BY DEGREES takes the author and his hot air popcorn popper, from Houston, Texas on an around-the-world odyssey aboard an "old-fashioned" general cargo "tramp" freighter, with Polish officers, a Filipino crew, and three other (German) passengers, calling at twenty ports, many of them "unexpected", meeting "pirates" in Thailand, getting lost in Singapore, endangering his life in Chinese taxis, finding peace in a tiny Japanese village, and, four months later (to the day) arriving back in Houston.


About the Author

Richard Moses, now retired and living on Salt Spring Island British Columbia, Canada, has been a social worker, teacher, librarian, musician, broadcaster, taxi driver, driving instructor, sailor, newspaper columnist, and, always, an inveterate scribbler.


Sample Excerpts

33°30'N x 112°W (Phoenix)

April 9, 2002 Airborne! At last! But, it won't make any difference now. This plane is already an hour late leaving Phoenix en route from Vancouver to Houston where it is now 8:54 p.m., or, by the 24 hour clock, 2054 hrs. (CDT). Flying time to Houston is 2 hours, 20 minutes. I knew this was going to be a tight squeeze - runway to ship - but a makeable one.
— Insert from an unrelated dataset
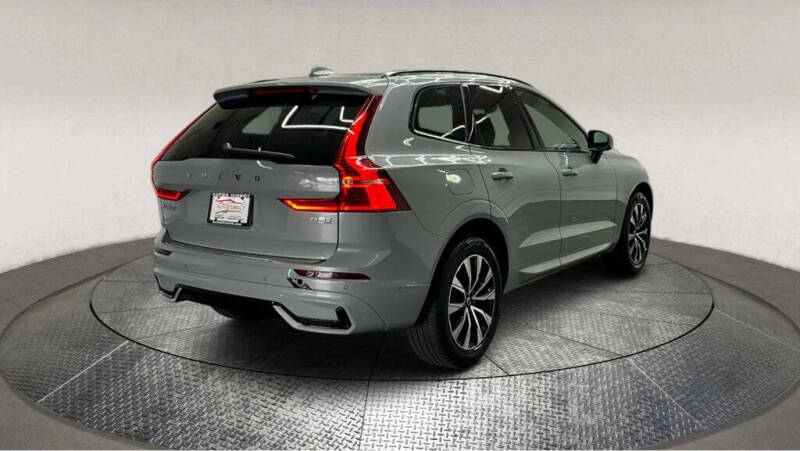 2024 Volvo XC60 B5 Plus Dark Theme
Now "This is your captain speaking..." has shot my safety margin all to hell. Which means that, almost certainly - figuring time to round up the baggage (if it's there!), phone the ship's agent, and nail a cab for the half hour (or so) ride from the George Bush airport to the Port of Houston - I am going to miss the boat!
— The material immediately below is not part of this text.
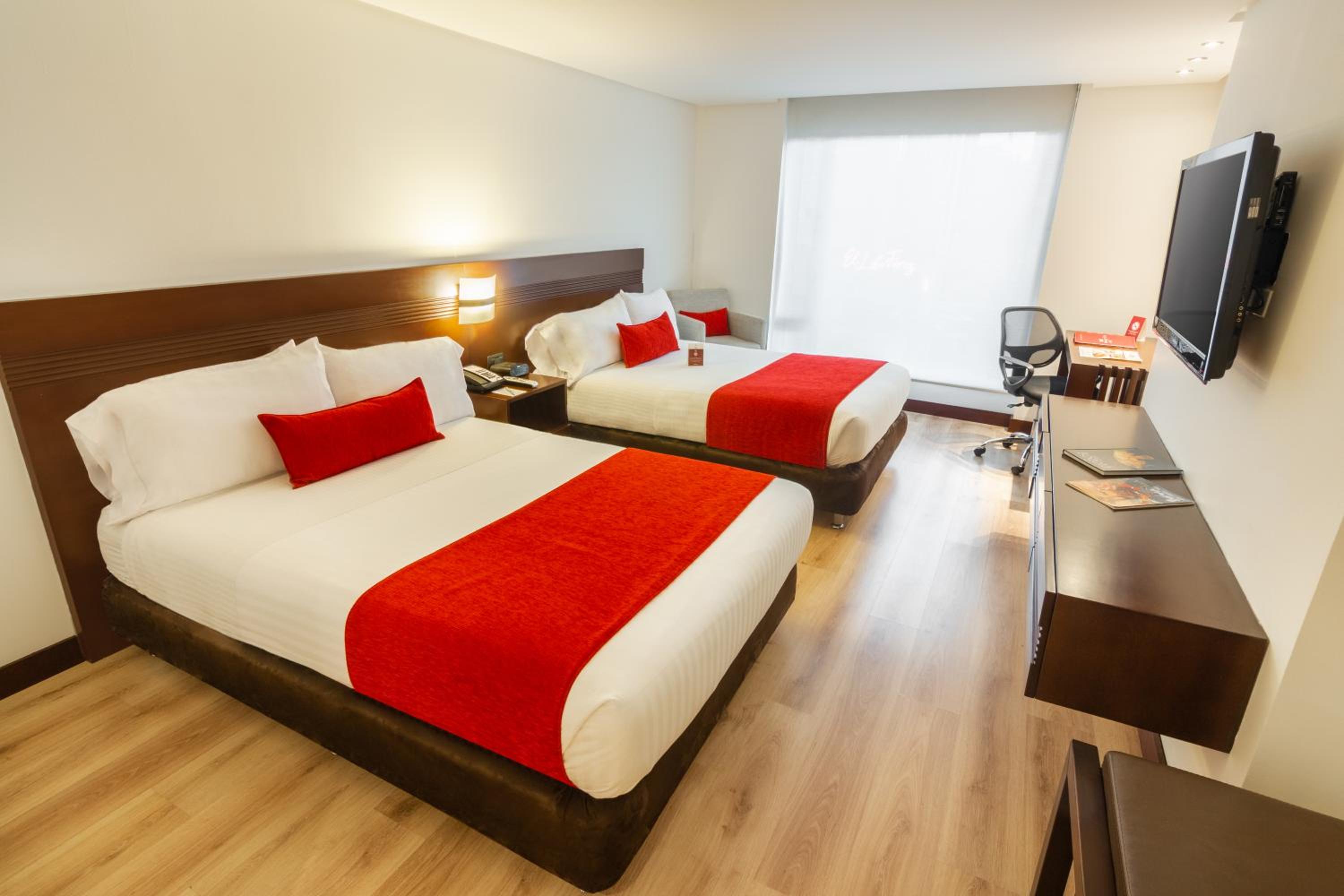 Room with Two Single Beds - Photo 4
This is not just a figure of speech: his "boat" is the ship which, I had hoped, was going to take me clean around the world, a voyage of "19 to 20 weeks", stopping at "20 ports or more", and which, to the best of my knowledge, is scheduled - as much as a tramp freighter can be scheduled - to sail from the Port of Houston's Pier 16 at midnight, i.e., 2400 hrs. tonight - three hours and six minutes from right now!

It's 2212; I've finished my book and read everything in the New Yorker including curtain times for every Broadway show. Nothing to do but sit here going 524 miles an hour and fret over what to do first if we ever actually do get to Houston:(1) the phone, (2) the cab, (3) the bags. I decide I will blow an extra twenty bucks for the cabby if he or she can get me to the ship on time.
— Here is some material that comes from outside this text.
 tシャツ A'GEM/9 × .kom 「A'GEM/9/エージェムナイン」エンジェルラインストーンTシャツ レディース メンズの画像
2302, we're about to land. 58 minutes to get to the dock.

29°30'N x 95°W (Houston)

2310: We're down. But rolling, rolling, rolling, turning, more rolling, then stop, and all the other "geese" stand up in the aisle and don't move for five minutes, then shuffle slowly out the door.

When I am able, I race down the ramp, down the corridor, into the baggage hall (will my unique and absolutely crucial baggage be there?). Not yet, it isn't. I head for the taxi rank: there is no taxi rank! More coming, says the lady. Try the telephone; can't get through to the agent. Back to the carousel. Ah, one bag! AHA! The other one! Drag and drop at the now-existing taxi rank.

At 2325 I say to the first cabby in line:"I've got to get to the Port of Houston, Pier 16, Turning Basin Terminal. Know where that is?"

"Well, lemme see. Uh - geez, I'm not too sure - umm..."

"It's somewhere near Clinton - "

"Oh, yeah, I know the place."

"There's an extra twenty in it if you can get me there by midnight."

And we're off! 80 mph, nearly empty freeways, not a cop in sight. I have no idea which direction we're going, but the driver seems to know; keeps encouraging me to think positive. I'm thinking of how I can get to Beaumont, Texas, he ship's next port, in the middle of the night. I look at my watch, count out dollars, ready for a quick exit just in case we do make it. More freeway, more exits, finally: "PORT OF HOUSTON".

At exactly 2356 we pull up to the main gate, tell the guard who we are, where we are going. He slowly checks his clip board. "Hmmmm, lemme see here - you said BIBI? Pier 16?. 'Scuse me -", and he turns slowly away to check out an exiting truck on the other side. Then back to us and more page riffling, "What's the name a' that ship again?BIBI?Hmmmm. Nope, I got no ship up there at all."

"Let's go anyway," I say to the cabby. It is now - 2358, and I can see it all in my head: even if the ship is there, lines have been singled up; the pilot is aboard; tugs are nudging; the ship is moving slowly away from Pier 16. But there is still just a chance: maybe a slight delay of some sort, and I have flown a good 2,000 miles today to get here, so both of us lean forward from the edges of our seats, and barrel along the empty port road: Pier 28. Pier 25 (these are actually enormous warehouses or "sheds"). Pier 22. Pier 19. I say, "Blast your horn, let 'em know we're coming"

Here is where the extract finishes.